1 illustrates a block diagram of an electronic system 100 (or computing system) in accordance with an exemplary arrangement. Other arrangements may also be provided.

Electronic system 100 may include one or more processors 102-1 through 102-N (referred to herein as processors 102 or processor 102). Processors 102 may communicate via interconnects or bus 104. [ Each processor may include various components, and only some of these components are discussed with reference to processor 102-1 for clarity. Accordingly, each of the remaining processors 102-2 through 102-N may include the same or similar components discussed with reference to the processor 102-1.

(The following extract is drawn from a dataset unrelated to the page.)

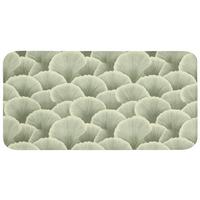 WC-VORLEGER Fächer - Blatt - Grün WC Teppich 120x60 cm - Pastellgrün, Textil (120/1cm) - OnlyWow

The processor 102-1 may include one or more processor cores 106-1 through 106-M (hereinafter referred to as cores 106 or cores 106), a cache 108, and / . ≪ / RTI > The processor cores 106 may be implemented on a single integrated circuit (IC) chip. Moreover, the chip may include one or more shared and / or private caches (such as cache 108), busses or interconnects (such as bus or interconnect 112), graphics and / or memory controllers, Other components may be included.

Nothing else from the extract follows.